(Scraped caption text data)
---------------
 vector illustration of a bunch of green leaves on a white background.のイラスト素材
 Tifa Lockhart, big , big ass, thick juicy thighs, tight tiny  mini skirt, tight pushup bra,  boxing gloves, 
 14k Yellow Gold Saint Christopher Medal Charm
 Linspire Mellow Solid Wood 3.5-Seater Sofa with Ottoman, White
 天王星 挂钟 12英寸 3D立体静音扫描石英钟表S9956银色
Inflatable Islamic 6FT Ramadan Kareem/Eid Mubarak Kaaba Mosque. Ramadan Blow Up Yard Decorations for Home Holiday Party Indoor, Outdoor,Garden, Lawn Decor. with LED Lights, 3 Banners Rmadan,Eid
---------------
INSTRUCTIONS TO FOLLOW: Copy out the lines starting at the one containing "14k Yellow Gold" and ending with the last line of the entries. Include nothing else.

RESULT:
 14k Yellow Gold Saint Christopher Medal Charm
 Linspire Mellow Solid Wood 3.5-Seater Sofa with Ottoman, White
 天王星 挂钟 12英寸 3D立体静音扫描石英钟表S9956银色
Inflatable Islamic 6FT Ramadan Kareem/Eid Mubarak Kaaba Mosque. Ramadan Blow Up Yard Decorations for Home Holiday Party Indoor, Outdoor,Garden, Lawn Decor. with LED Lights, 3 Banners Rmadan,Eid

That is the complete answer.